From the bed where she still had the dog's head in her lap, Tessa said, "All of it's got to be connected somehow: these 'accidental' deaths, whatever those men were doing to Ella Simpson, and these … Boogeymen."

"Yes, it's tied together," Sam agreed. "And the knot is new Wave Microtechnology."

He told them what he had uncovered while working with the VDT in the patrol car behind the municipal building.

"Moonhawk?" Tessa wondered. "Conversions? What on earth are they converting people into?"

"I don't know."

"Surely not into … these Boogeymen?"

"No, I don't see the purpose of that, and besides, from what I turned up, I gather almost two thousand people in town have been … given this treatment, put through this change, whatever the hell it is. If there were that many of Harry's Boogeymen running loose, they'd be everywhere; the town would be crawling with them, like a zoo in the Twilight Zone."

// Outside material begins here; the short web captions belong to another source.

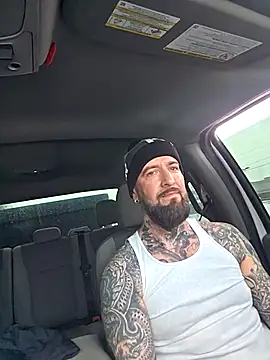 Beardedtattood webcam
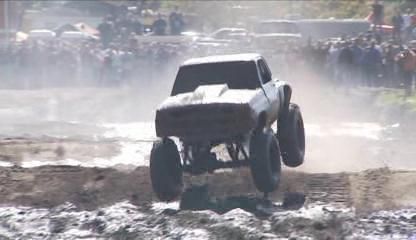 Trucks Gone Wild 7[(077409)21-56-33].JPG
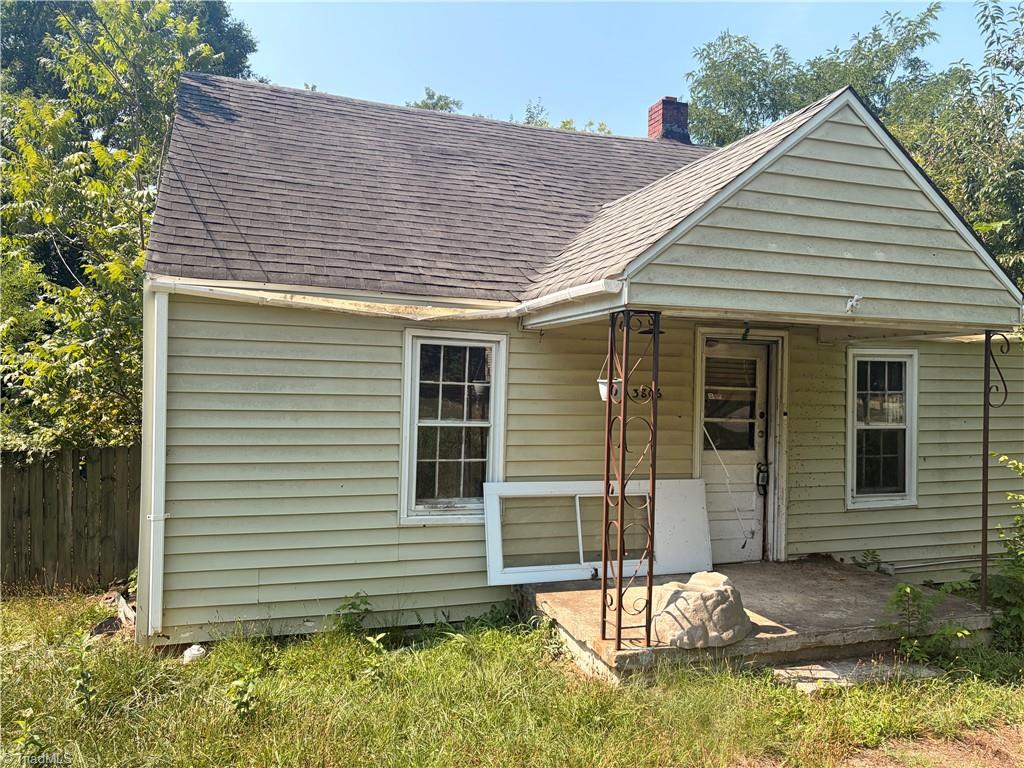 3806 Heath Avenue — photo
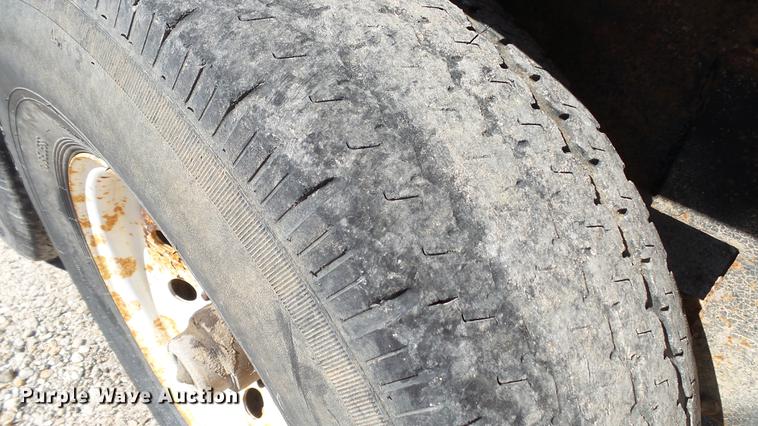 image for item DE4833 1999 Vactron PMD-800GT vacuum excavator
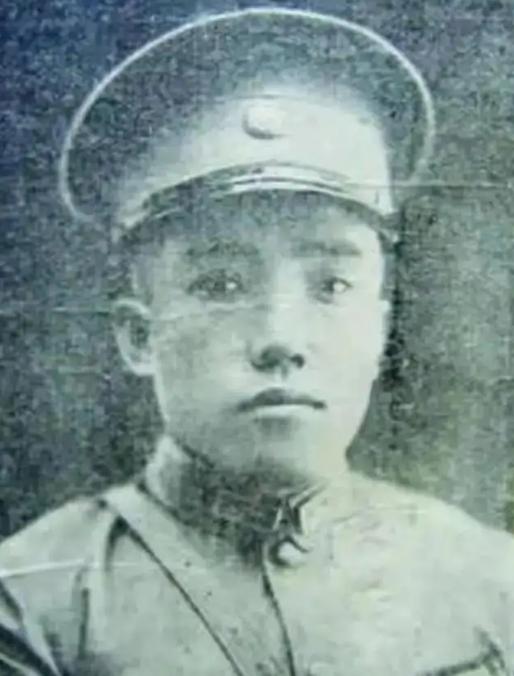 抗战时期，山东军阀刘珍年受蒋介石邀约前往南京参加酒席。席间，他瞧见国民党官员们大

"Two thousand," Harry said. "That's two-thirds of the town."

"And the rest by midnight," Sam said. "Just under twenty-one hours from now."

"Me, too, I guess?" Harry asked.

"Yeah. I looked you up on their lists. You're scheduled for conversion in the final stage, between six o'clock this coming evening and midnight. So we've got about fourteen and a half hours before they come looking for you."

"This is nuts," Tessa said.

"Yeah," Sam agreed. "Totally nuts."

"It can't be happening," Harry said. "But if it isn't happening, then why's the hair standing up on the back of my neck?"